» **TRY IT**
Starting at the line where "Used 2022 RAM" occurs, reproduce each line through the end of the entries below exactly. Omit every picture.

Segment Open

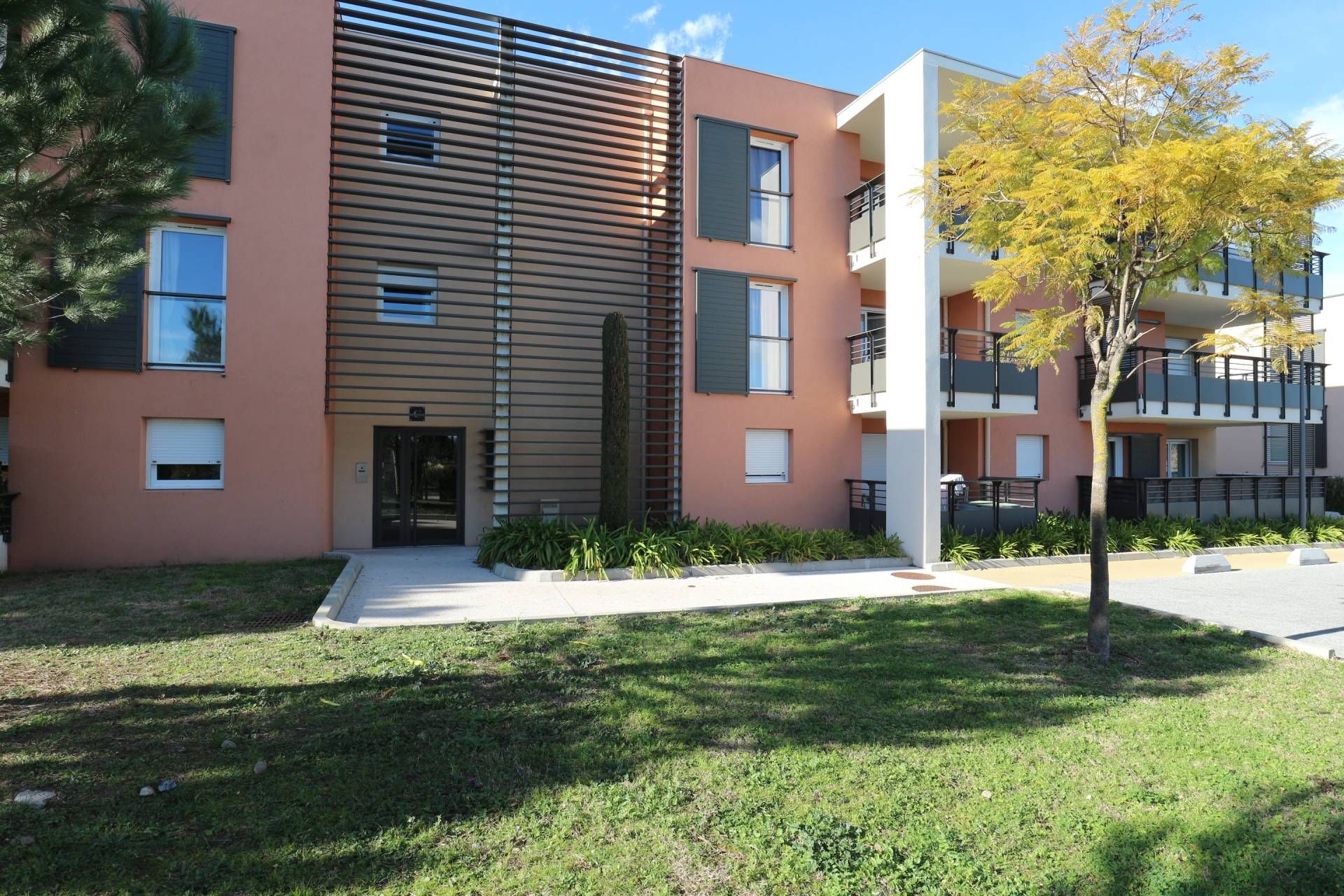 Kondominium dalam Roquebrune-sur-Argens, Provence-Alpes-Côte d'Azur 10098073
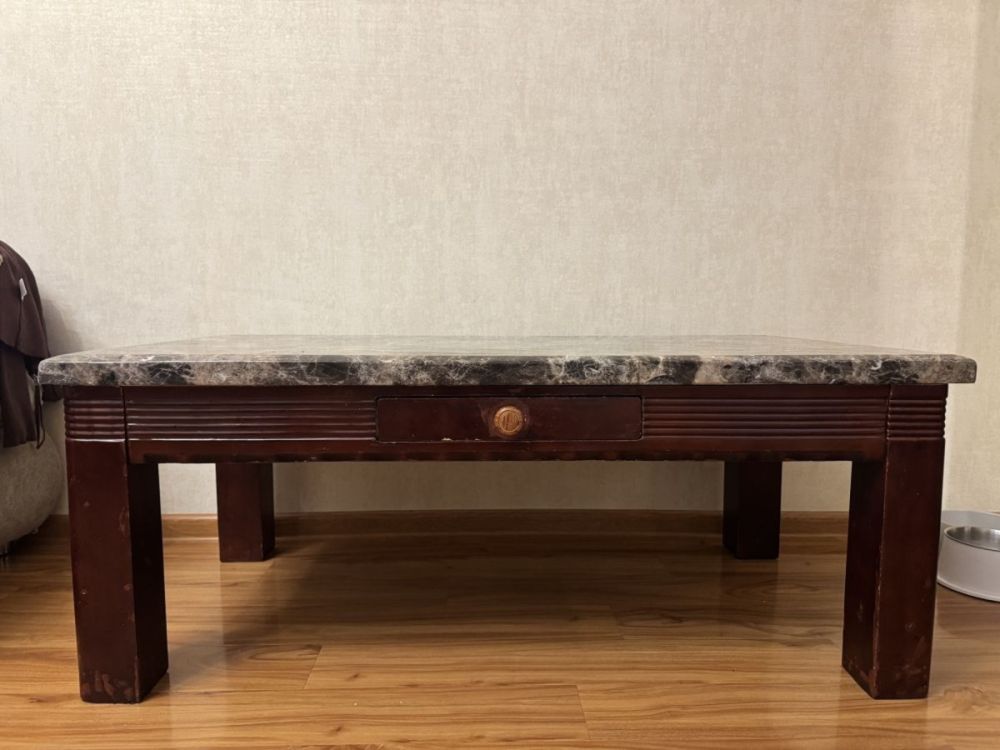 მისაღები ოთახის ჟურნალების მაგიდა – კლასიკური დიზაინი და ხარისხი სურათი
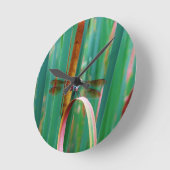 A teal Eyed Dragonfly with cattails Runde Wanduhr (Winkel)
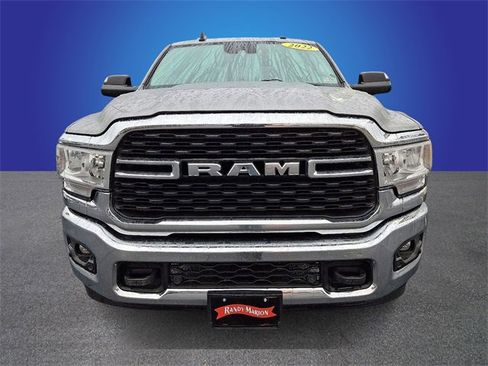 Used 2022 RAM 2500 Big Horn w/ Level C Equiment Group image 2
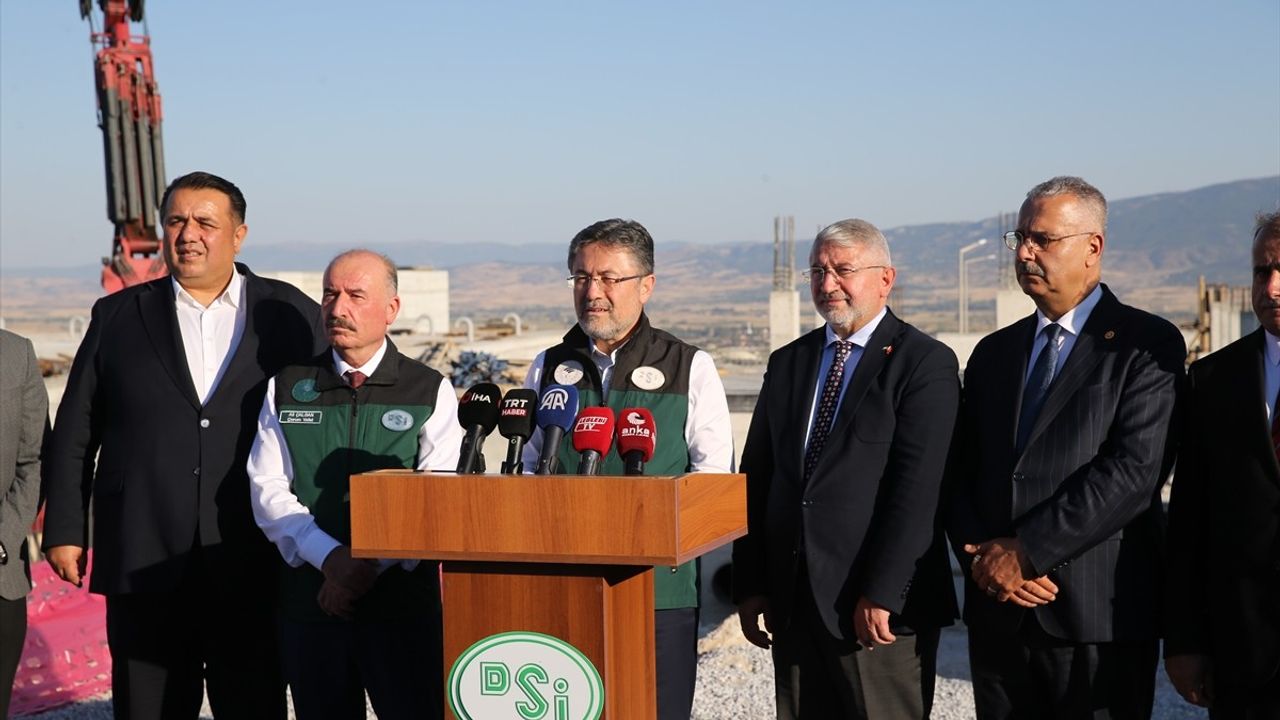 Bakan Yumaklı'dan Belediyelere Kritik Su Yönetimi Uyarısı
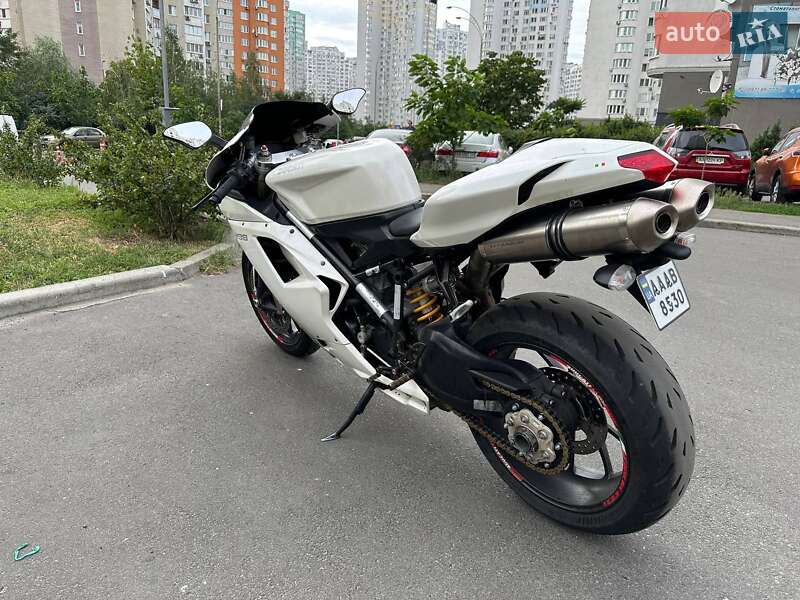 Спортбайк Ducati 1198 2009 в Киеве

Segment Closed

» **EXPECTED ANSWER**
 Used 2022 RAM 2500 Big Horn w/ Level C Equiment Group image 2
 Bakan Yumaklı'dan Belediyelere Kritik Su Yönetimi Uyarısı
 Спортбайк Ducati 1198 2009 в Киеве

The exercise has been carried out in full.